◆ The input ◆
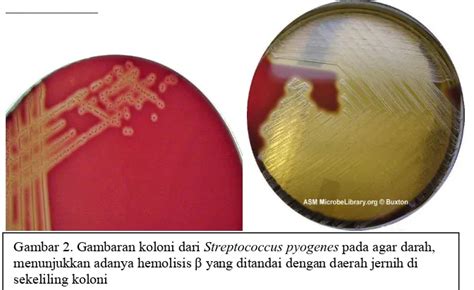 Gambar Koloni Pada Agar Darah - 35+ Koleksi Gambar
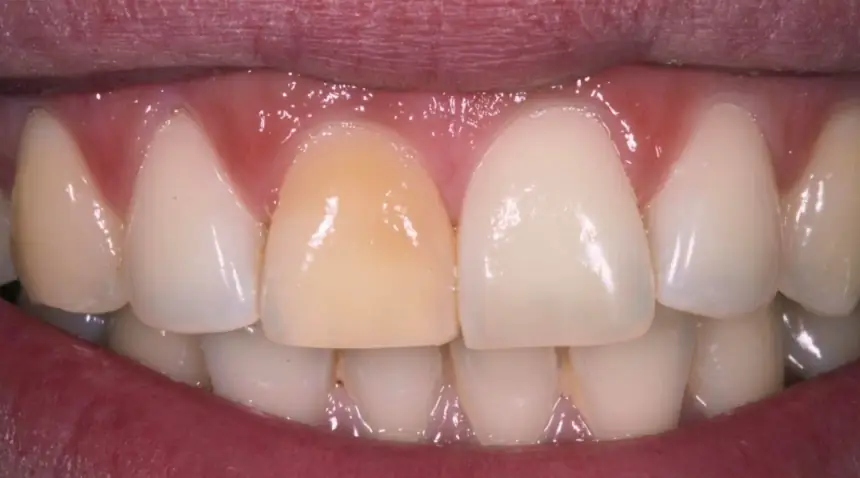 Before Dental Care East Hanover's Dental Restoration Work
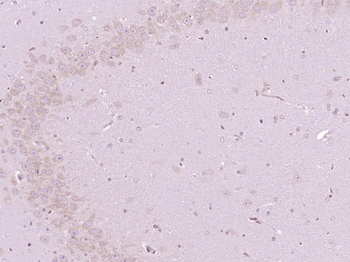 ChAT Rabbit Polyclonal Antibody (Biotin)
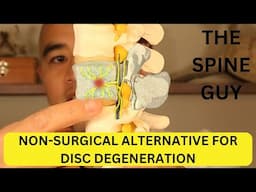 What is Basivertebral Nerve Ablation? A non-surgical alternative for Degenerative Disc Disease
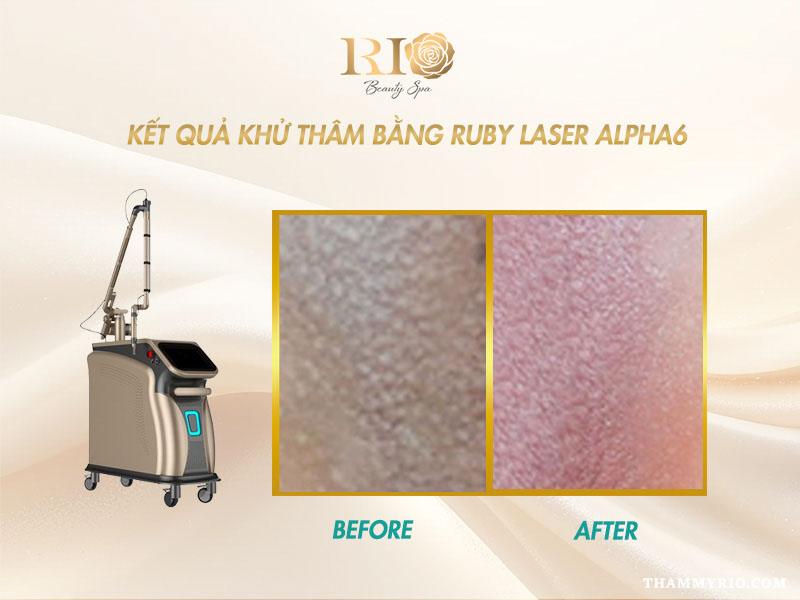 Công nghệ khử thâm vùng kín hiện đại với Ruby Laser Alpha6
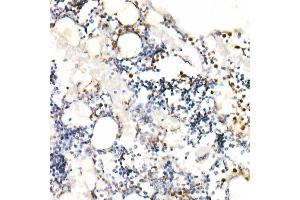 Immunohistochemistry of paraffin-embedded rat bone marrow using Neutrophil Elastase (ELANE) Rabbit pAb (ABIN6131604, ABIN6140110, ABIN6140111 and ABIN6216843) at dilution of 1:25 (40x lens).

--

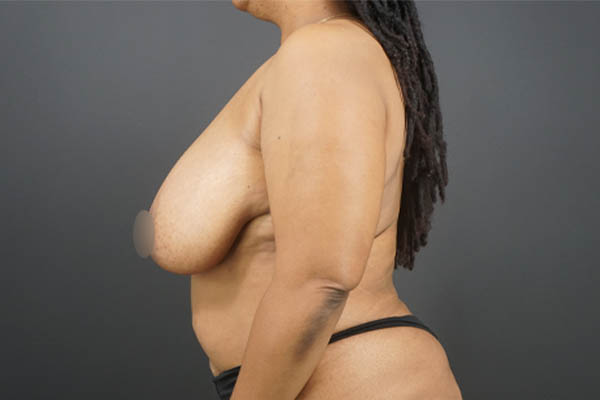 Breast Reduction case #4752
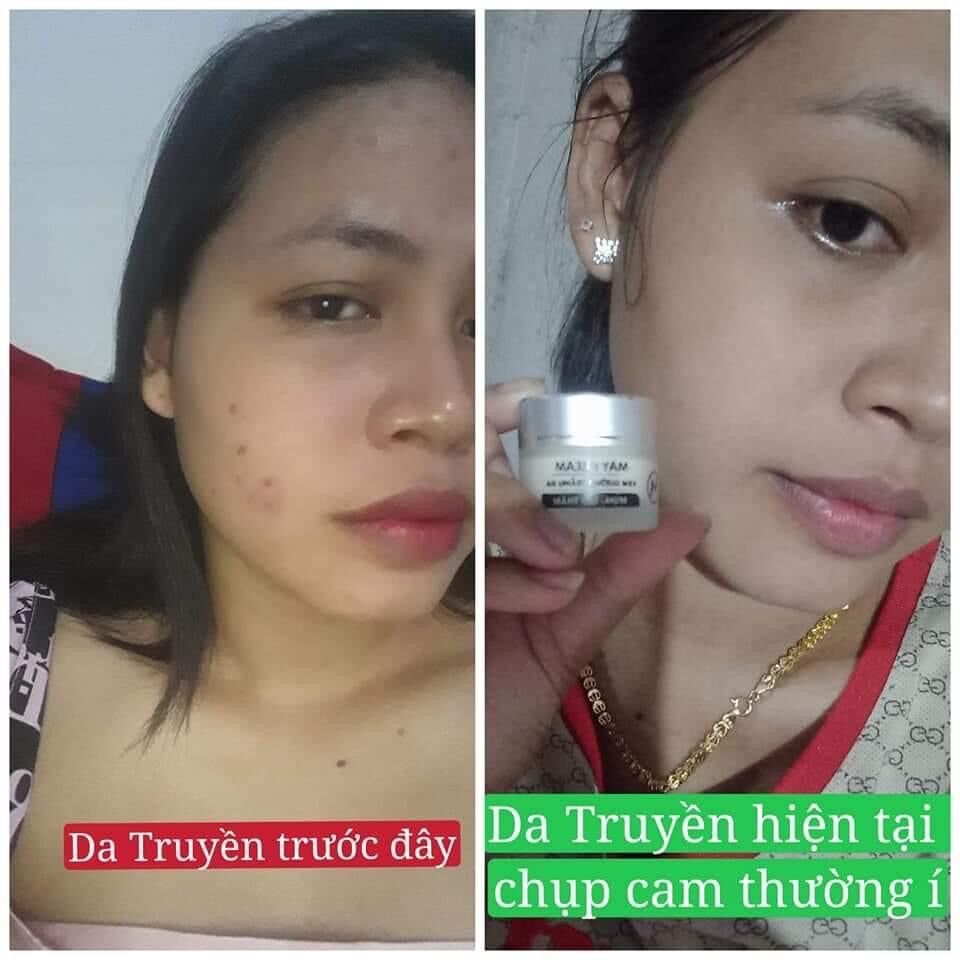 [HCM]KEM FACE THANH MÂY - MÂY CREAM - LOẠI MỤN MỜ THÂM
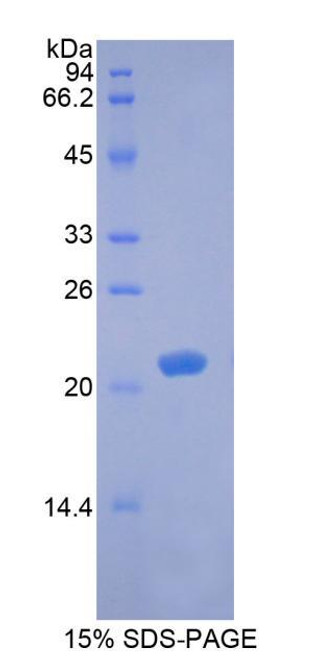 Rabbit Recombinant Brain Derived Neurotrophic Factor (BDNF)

◆ Exercise goal ◆
In the data above, retype only the stretch from the line with "Before Dental Care" through the line with "Immunohistochemistry of paraffin-embedded", word for word, and skip any pictures.

◆ Answer box ◆
 Before Dental Care East Hanover's Dental Restoration Work
 ChAT Rabbit Polyclonal Antibody (Biotin)
 What is Basivertebral Nerve Ablation? A non-surgical alternative for Degenerative Disc Disease
 Công nghệ khử thâm vùng kín hiện đại với Ruby Laser Alpha6
 Immunohistochemistry of paraffin-embedded rat bone marrow using Neutrophil Elastase (ELANE) Rabbit pAb (ABIN6131604, ABIN6140110, ABIN6140111 and ABIN6216843) at dilution of 1:25 (40x lens).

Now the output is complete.